Diretores do Sindicato dos Bancários/ES se reuniram na tarde desta quarta-feira, 25, com integrantes da Sala de Situação de Emergência em Saúde Pública – criada pelo Governo do Estado para promover o enfrentamento à pandemia do novo coronavírus (Covid-19). Entre os pontos discutidos na pauta, o Sindicato manifestou grande preocupação com o risco de contágio ao coronavírus de empregados, clientes e usuários, devido às aglomerações que têm sido recorrentes nas agências bancárias na Grande Vitória e interior do Estado. O Sindicato cobrou o cumprimento do decreto do Governo do Estado por parte dos bancos, que está em vigor desde segunda-feira, 23.

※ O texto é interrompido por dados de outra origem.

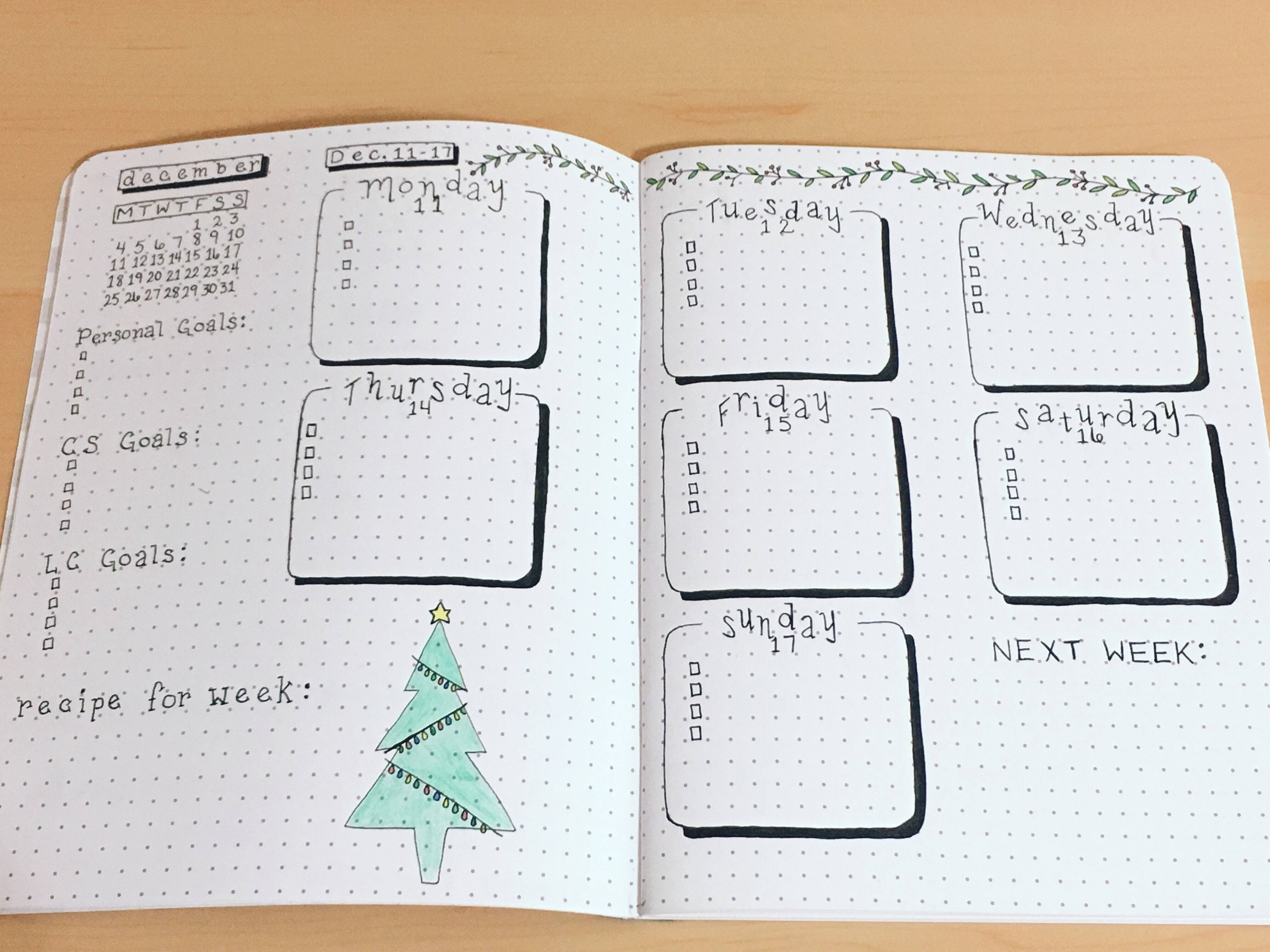 December weekly spread - student project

“Reivindicamos aos representantes do Governo do Estado o imediato fechamento das unidades bancárias”, afirmou a diretora do Sindicato, Lizandre Borges. Segundo ela, os bancos não estão cumprindo o decreto, que determina o fechamento das agências e restringe o atendimento a beneficiários dos programas econômicos relacionados ao novo coronavírus e a pessoas com doenças graves. Os terminais de autoatendimento também permanecem funcionando.

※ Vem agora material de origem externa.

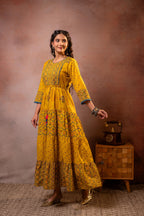 Juniper Rangriti Noor Mustard Handcrafted Boho Dress | Grocsy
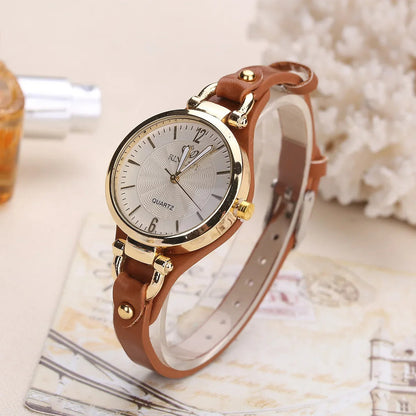Parisian Gold-Case Leather Band Watch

O coordenador geral do Sindicato, Jonas Freire, reforçou a preocupação com as aglomerações, sobretudo em datas consideradas críticas. Nesta quarta-feira, lembrou Jonas, teve início o pagamento dos benefícios a aposentados e pensionistas do INSS, pessoas do chamado grupo de risco. “Essa situação de aglomeração em uma data crítica como essa se torna ainda mais preocupante nos municípios do interior, onde muitas vezes há uma única agência do Banestes ou de outro banco público concentrando todo o atendimento”, afirmou Jonas.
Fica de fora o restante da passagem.